October 3, 2016
Portland bookstore and community center to end its relationship with Portlandia
by Ryan Harrington
Even if you’ve never visited the City of Roses, you may recognize the brick exterior of In Other Words, a volunteer-supported feminist community space and bookstore in Northeast Portland. That’s because it moonlights as Women and Women First, the fictional feminist bookstore on IFC’s Portlandia.
In the universe of the satirical Lorne Michaels-produced sketch show, Women and Women First is run by Toni (played by Carrie Brownstein) and Candace (played by Fred Armisen, in a wig and dress). The punchlines of these sketches tend to involve Toni and Candace’s politics rendering them almost surreally unhelpful as booksellers, mixed with some Monty Python-style man-in-a-dress absurdity.
But In Other Words will no longer abide this type of humor, which they hold to be “trans-antagonistic.” On a broader scale, the shop also believes that Portlandia has been damaging to their neighborhood, and the city more broadly. They have ceased to allow the show to film sketches in the store.
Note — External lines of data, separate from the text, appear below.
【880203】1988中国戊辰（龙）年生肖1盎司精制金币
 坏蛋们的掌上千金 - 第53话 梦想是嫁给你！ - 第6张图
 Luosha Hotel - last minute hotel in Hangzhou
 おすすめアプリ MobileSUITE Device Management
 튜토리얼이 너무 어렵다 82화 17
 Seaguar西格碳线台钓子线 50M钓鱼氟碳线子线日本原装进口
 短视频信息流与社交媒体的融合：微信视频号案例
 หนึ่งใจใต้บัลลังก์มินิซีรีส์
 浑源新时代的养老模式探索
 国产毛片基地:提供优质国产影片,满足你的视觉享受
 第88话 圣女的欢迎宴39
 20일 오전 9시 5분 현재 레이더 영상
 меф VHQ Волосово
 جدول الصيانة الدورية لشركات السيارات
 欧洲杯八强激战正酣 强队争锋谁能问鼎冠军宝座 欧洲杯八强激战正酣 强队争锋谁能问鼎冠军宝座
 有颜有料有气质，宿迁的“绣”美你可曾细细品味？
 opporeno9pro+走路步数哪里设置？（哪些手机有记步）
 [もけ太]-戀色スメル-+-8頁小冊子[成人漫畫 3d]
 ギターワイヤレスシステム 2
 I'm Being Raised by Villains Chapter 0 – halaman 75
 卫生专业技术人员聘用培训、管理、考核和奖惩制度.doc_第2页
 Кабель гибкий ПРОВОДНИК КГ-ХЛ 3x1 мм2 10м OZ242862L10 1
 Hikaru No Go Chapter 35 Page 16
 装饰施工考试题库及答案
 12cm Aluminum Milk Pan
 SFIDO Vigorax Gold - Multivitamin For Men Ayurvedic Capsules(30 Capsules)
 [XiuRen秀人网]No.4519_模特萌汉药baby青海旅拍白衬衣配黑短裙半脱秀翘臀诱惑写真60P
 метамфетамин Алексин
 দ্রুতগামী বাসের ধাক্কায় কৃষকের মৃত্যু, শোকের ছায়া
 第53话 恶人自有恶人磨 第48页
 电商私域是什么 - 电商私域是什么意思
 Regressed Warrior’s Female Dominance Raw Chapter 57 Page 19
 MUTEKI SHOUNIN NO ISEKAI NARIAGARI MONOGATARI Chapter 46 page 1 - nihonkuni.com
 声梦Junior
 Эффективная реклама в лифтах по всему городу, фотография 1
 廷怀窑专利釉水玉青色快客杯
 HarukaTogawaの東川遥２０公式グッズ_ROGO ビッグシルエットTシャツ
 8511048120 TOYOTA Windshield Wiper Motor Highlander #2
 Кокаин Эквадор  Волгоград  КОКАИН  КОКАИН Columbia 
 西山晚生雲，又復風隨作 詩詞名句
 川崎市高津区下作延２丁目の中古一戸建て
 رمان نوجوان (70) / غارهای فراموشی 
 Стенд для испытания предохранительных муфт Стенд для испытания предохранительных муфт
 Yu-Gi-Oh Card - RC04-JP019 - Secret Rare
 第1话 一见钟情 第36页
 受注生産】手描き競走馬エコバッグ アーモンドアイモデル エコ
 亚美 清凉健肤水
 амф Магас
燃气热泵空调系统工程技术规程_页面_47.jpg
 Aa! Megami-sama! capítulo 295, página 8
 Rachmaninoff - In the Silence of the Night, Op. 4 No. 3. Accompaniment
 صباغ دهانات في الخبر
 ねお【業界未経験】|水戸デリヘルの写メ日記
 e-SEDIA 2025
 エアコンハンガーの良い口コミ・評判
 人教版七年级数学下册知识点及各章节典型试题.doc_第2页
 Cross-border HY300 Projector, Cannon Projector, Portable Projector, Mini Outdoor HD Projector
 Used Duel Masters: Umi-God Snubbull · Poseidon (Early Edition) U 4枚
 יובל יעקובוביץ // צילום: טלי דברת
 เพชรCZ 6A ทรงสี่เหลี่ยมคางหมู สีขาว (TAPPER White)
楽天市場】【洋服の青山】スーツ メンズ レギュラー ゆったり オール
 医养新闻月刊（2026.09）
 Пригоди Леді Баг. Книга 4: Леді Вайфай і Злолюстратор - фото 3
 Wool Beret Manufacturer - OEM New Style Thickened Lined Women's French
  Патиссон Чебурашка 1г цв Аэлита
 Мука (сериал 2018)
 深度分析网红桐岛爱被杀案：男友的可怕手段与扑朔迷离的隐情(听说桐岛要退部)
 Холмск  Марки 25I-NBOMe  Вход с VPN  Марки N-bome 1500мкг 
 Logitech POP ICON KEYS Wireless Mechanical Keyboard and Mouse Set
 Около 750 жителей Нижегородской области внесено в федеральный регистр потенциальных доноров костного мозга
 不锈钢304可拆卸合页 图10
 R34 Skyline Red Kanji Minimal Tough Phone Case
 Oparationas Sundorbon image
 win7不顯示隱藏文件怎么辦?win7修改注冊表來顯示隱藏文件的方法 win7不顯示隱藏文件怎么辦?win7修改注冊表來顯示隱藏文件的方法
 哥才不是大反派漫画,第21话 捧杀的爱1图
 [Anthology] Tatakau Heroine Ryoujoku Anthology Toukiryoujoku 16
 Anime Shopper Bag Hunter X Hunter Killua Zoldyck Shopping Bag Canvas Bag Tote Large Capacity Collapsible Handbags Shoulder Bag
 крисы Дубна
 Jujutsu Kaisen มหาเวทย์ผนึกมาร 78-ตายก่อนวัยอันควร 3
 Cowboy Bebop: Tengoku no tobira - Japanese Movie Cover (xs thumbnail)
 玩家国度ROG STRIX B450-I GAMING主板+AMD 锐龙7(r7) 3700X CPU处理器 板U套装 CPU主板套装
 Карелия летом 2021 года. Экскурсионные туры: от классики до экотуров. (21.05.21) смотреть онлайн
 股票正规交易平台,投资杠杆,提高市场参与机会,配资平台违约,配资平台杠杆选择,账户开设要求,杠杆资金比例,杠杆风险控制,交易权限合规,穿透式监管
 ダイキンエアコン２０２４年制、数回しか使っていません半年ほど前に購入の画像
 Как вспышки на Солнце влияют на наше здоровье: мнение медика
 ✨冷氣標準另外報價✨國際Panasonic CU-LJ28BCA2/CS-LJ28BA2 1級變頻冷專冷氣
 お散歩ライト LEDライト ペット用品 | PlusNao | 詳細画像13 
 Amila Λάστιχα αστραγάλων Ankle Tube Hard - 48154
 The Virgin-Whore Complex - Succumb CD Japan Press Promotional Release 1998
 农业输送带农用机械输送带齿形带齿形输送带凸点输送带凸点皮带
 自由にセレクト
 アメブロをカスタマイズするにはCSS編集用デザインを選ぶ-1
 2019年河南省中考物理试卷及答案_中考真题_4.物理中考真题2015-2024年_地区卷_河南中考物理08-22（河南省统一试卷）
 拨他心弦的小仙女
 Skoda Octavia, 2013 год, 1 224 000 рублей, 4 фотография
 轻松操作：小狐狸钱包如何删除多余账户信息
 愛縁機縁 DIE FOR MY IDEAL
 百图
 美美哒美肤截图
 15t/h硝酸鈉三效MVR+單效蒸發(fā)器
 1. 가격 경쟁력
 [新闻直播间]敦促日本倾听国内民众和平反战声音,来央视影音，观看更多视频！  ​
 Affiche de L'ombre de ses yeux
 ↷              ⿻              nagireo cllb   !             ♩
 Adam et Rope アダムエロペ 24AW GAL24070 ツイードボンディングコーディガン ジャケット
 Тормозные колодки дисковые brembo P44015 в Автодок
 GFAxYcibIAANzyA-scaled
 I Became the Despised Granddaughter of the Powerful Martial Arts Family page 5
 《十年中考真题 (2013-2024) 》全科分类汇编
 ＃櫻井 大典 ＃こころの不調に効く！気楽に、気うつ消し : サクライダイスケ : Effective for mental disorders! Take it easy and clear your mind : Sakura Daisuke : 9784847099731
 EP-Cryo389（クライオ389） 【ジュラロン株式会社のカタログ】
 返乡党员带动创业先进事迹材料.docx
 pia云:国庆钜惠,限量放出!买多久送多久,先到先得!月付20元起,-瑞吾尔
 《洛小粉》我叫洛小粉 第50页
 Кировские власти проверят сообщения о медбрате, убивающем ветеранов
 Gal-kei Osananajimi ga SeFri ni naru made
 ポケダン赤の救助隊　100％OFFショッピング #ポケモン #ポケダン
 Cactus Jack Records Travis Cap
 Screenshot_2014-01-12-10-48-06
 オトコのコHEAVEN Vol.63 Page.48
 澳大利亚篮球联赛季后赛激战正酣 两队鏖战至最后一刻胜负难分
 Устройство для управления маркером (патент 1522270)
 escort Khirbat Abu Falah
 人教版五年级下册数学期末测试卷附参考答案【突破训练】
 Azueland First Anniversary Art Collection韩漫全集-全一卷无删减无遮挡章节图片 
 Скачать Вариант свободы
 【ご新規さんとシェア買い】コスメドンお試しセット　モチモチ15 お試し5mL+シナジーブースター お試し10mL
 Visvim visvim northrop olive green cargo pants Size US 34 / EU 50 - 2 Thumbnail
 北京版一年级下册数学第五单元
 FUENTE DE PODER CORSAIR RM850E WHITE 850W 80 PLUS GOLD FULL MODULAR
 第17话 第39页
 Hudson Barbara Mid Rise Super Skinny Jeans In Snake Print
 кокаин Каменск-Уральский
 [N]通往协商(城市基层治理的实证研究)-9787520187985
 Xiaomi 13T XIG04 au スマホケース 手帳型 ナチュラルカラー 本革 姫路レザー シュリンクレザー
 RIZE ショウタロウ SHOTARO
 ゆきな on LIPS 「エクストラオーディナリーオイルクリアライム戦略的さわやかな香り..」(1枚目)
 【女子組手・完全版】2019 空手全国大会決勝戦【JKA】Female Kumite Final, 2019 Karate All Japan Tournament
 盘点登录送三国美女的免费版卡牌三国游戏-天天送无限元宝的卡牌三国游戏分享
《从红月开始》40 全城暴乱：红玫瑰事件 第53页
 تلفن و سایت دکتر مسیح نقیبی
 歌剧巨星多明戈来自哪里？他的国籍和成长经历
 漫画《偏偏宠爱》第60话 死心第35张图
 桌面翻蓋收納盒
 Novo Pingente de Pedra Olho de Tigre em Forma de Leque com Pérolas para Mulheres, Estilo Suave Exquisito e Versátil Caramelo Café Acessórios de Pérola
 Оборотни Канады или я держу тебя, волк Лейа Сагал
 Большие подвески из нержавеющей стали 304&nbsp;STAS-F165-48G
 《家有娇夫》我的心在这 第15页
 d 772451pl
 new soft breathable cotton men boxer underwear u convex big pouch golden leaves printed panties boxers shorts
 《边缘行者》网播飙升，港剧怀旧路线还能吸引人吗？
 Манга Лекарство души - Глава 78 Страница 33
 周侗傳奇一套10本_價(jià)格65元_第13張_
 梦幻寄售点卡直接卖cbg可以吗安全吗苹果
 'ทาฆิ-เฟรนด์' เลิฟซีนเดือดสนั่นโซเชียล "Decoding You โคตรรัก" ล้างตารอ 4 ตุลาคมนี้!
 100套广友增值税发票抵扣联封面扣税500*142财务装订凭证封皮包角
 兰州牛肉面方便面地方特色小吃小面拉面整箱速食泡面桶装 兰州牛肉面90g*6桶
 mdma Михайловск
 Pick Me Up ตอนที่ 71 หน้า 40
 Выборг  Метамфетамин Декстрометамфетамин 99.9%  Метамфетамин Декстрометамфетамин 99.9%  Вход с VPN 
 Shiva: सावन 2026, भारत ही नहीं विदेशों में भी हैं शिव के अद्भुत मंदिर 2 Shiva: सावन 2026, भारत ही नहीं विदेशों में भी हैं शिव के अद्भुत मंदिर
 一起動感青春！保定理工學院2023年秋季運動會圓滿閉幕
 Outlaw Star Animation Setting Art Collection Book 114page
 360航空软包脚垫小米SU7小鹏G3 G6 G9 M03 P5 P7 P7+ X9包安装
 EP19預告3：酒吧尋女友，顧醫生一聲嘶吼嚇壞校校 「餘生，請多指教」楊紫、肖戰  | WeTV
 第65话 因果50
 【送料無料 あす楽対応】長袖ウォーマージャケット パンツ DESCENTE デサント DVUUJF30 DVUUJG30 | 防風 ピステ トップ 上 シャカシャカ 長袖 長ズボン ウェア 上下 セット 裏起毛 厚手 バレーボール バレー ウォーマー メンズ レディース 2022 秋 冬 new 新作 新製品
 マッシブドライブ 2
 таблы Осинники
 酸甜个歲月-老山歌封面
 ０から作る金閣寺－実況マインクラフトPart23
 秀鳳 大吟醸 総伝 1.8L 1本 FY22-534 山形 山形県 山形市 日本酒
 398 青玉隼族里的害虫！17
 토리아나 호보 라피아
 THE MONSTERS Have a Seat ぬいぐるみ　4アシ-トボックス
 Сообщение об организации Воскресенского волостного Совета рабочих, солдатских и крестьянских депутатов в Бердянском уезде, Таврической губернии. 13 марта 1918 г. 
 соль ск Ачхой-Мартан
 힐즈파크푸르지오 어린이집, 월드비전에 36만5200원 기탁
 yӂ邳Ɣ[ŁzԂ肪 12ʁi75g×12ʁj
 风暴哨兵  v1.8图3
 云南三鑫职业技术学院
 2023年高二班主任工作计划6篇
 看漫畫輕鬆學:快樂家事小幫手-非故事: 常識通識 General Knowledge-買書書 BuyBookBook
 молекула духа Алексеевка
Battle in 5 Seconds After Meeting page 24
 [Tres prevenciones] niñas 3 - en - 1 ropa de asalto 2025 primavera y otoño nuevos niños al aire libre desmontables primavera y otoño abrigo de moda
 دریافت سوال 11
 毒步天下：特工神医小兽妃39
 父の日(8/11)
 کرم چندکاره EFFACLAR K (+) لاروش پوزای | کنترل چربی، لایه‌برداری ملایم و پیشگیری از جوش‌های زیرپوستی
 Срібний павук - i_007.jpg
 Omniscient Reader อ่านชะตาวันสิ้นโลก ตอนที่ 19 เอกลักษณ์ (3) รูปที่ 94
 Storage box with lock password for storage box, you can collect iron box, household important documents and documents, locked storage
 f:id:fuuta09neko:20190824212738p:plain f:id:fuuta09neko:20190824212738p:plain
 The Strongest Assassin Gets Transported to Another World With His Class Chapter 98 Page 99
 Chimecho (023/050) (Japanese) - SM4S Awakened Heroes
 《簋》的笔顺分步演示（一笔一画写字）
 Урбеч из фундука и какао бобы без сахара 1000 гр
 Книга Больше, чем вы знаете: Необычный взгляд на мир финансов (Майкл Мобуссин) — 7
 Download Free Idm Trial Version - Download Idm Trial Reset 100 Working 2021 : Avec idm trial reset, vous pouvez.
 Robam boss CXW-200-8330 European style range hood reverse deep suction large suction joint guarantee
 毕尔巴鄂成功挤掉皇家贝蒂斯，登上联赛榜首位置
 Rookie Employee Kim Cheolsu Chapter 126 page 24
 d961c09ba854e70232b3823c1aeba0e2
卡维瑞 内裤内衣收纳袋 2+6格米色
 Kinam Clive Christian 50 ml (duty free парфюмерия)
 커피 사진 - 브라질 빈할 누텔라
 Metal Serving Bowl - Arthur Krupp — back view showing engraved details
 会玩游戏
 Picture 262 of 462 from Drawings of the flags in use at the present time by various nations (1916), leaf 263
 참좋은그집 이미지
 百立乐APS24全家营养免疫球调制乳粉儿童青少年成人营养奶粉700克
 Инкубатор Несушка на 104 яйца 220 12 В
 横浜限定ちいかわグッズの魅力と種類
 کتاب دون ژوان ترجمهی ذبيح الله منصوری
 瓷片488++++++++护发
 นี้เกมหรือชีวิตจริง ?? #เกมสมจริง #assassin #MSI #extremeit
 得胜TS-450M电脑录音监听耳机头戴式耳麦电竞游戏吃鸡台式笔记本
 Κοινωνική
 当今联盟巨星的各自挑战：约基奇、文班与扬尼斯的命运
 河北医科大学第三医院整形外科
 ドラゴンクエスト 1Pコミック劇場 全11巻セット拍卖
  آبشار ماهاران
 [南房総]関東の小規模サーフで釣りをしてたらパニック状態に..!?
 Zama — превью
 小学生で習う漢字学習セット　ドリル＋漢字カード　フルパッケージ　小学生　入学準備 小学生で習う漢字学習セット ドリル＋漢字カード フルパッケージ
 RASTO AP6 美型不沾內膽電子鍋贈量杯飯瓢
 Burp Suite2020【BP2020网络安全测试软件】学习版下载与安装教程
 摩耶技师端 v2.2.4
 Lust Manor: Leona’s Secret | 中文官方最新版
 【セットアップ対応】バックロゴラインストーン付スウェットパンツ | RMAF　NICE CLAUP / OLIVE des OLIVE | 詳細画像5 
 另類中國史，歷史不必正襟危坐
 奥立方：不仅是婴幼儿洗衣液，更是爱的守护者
And in the spring, as Matthew Korfhage reports for the Willamette Weekly, a sign appeared in the front window of In Other Words, saying, “Fuck Portlandia! Transmisogyny — Racism — Gentrification — Queer Antagonism — Devaluation of Feminist Discourse.”
In a statement posted late last week, the store explained further.
This was a direct response to a particular egregious filming of the show in our space which saw our store left a mess, our staff mistreated, our neighbors forced to close and lose business for a day without warning, and our repeated attempts to obtain accountability or resolution dismissed. It was also a direct response to a show which is in every way diametrically opposed to our politics and the vision of society we’re organizing to realize. A show which has had a net negative effect on our neighborhood and the city of Portland as a whole. Shortly after this decision was made, a volunteer placed the Fuck Portlandia sign in our window.
The statement concludes by explaining that the shop’s board and staff have turned over since the relationship with the television show began, and that the new powers that be stand behind the sign and sentiment.
Ryan Harrington is a senior editor at Melville House.